**Problem description**. Beginning at the top of the data below, write out every line exactly until you reach the line with "[upl. by Eisset]", and include that line.

[Entries taken from a collection]
-*-*-
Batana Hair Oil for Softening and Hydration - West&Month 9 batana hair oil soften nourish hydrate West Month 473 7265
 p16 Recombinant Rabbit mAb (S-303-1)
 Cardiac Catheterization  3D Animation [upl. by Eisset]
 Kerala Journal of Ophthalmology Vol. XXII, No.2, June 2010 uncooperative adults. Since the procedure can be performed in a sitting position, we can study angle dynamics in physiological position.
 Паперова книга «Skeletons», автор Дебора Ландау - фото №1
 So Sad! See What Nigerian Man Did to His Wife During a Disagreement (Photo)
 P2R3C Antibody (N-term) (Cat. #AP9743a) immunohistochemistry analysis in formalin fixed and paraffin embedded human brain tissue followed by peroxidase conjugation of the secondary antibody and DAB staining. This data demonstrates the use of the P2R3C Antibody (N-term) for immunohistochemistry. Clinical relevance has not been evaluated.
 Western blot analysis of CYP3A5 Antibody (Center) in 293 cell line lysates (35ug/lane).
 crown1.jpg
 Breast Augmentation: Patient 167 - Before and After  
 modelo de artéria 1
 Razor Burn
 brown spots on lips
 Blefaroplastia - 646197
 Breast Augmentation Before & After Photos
-*-*-
**Final answer**.
Batana Hair Oil for Softening and Hydration - West&Month 9 batana hair oil soften nourish hydrate West Month 473 7265
 p16 Recombinant Rabbit mAb (S-303-1)
 Cardiac Catheterization  3D Animation [upl. by Eisset]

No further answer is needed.